Where the Eagles fly

The Eagles had their "work-ons" when they returned to the Olympic Training Center in the new year, and welcomed Canada to southern California for a set of scrimmages to test their readiness to return to the circuit. The teams split scrimmages, with the U.S. sides featuring residents and campers alike benefitting from second-half surges to push members of last year's second place team to the edge.

Jillion Potter played her first international rugby in Dubai following more than a year off from competitive play, and several other debutants made cases for future selection. In Brazil, six of the 12 young women to pull on the U.S. jersey will not have been in the United Arab Emirates, with three set to play in their first Series tournament.

Bui Baravilala is back from injury to provide a boost in a playmaking position, as is Joanne Fa'avesi. The two were instrumental throughout last season, and will help make up for the absences of Lauren Doyle and Richelle Stephens. Kristen Thomas will not be the only speedster on the pitch, either, as Naya Tapper is set to blaze a trail at Arena Barueri in her first action with the national team, and Ryan Carlyle back in the setup for just her second Series appearance.

Flight plan

New Zealand missed its third consecutive Cup Final in Dubai, but has restocked its roster with perennial Dream Team selection and former World Rugby Women's Sevens Player of the Year Kayla McAlister. The Eagles have not fared well against the all-black wearers since the Series began, defeating New Zealand for the first time in 11 matchups last May.

Russia has not been a surprise in its rise to the top of the Series standings, as the team has always been a contender on the circuit. Its Cup Final appearance in Dubai was only its second, however, and comes at a time when the Series is at its most competitive. The season is still early and it would not be a shock to see Russia fall back to its inconsistent self in a tough pool, especially with the Eagles holding a 7-2 record in the matchup.

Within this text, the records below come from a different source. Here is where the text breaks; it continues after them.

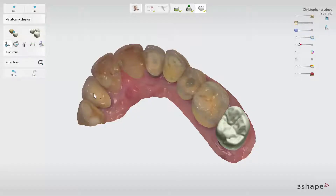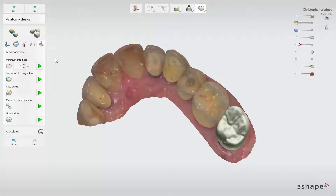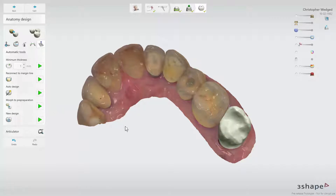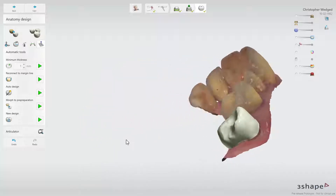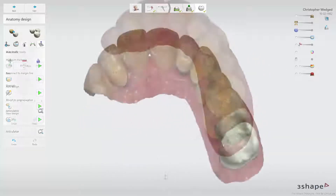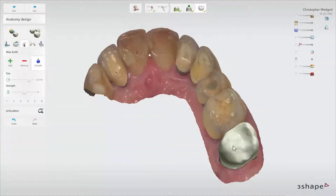There is a second way to copy a tooth from a pre-preparation scan. If a pre-preparation scan has been added to the order, then an extra button called morph to pre-preparation is shown in the automatic tools. Simply click the green play button and the tooth will automatically copy the anatomy from the pre-preparation. You can then proceed to use the other anatomy design tools if needed before moving on to the CAM module.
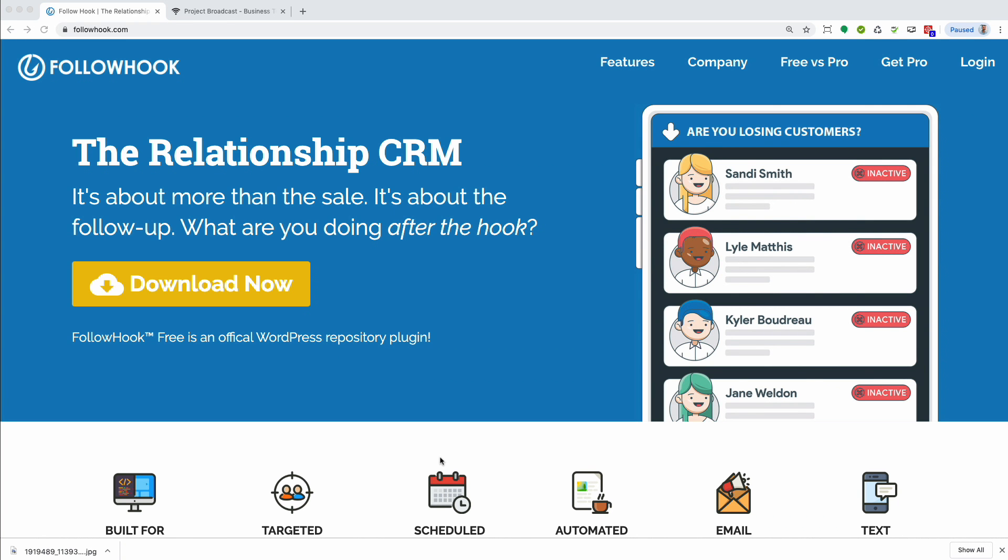Hello, it's Kyler with FollowHook. Today we're talking about Project Broadcast campaigns. We've finally arrived. We've talked about a lot of things with Project Broadcast, and now this is, in my opinion, the real beauty of the tool. Automating things.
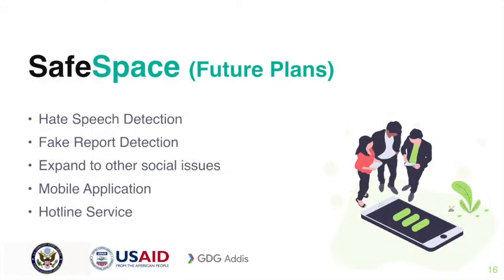In the future we plan to include hate speech detection, fake report detection, and expand to other social issues listed by the UN. We will develop a mobile application and also hotline services for people with no access to smartphones.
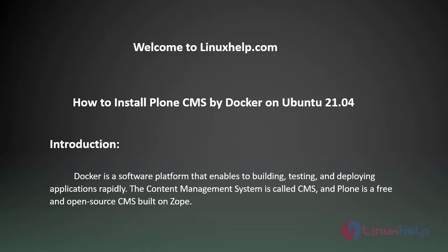Welcome to LinuxHelp.com. Today we will see how to install Plone CMS by Docker on Ubuntu 21.04.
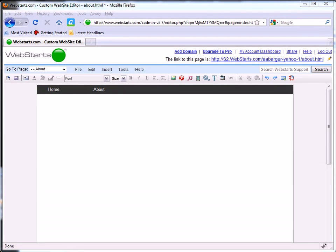In this video I'm going to show you how to upload files from your local computer to your website using WebStarts. Notice there's a few different icons on your toolbar in the page editor view.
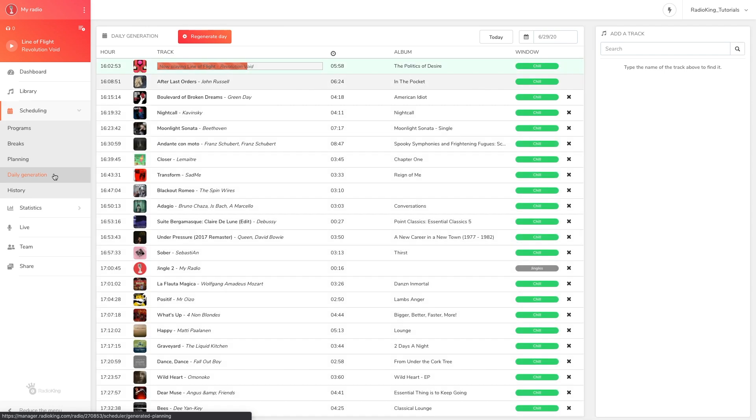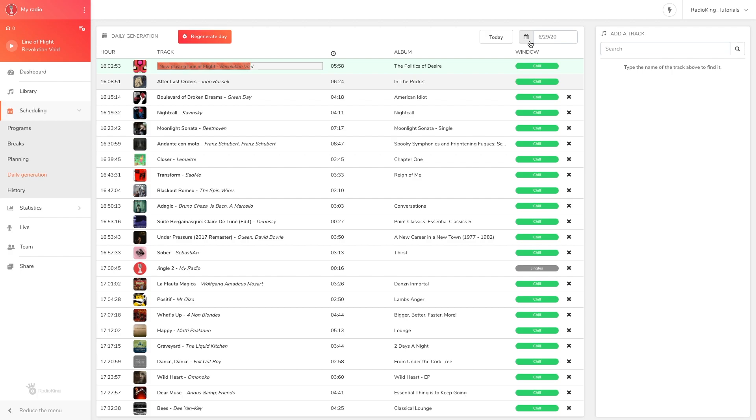In the top right hand corner you'll see a small calendar. By default it will show you the current date, however you can choose a different date by clicking on it.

The Eagles are undefeated against Spain, which finished last season six points from a non-core-team status headed into this year's circuit. The team may be ragged by the time it meets the U.S. in the final match of pool play (and final match of day one in Brazil), but the same could be said for the Eagles.

Screaming Eagles

Come August, all eyes will be on Brazil for the Rio 2016 Olympic Summer Games. This weekend, however, the 12 teams in São Paulo will have hardware of a non-gold variety on their minds at Arena Barueri. The tournament is scheduled to kick off 8 a.m. ET, with the U.S.'s opening match against New Zealand slated for 9:50 a.m. ET. The broadcast will be streamed live on World Rugby's website, and match updates will be provided throughout the day on USA Rugby's Twitter account.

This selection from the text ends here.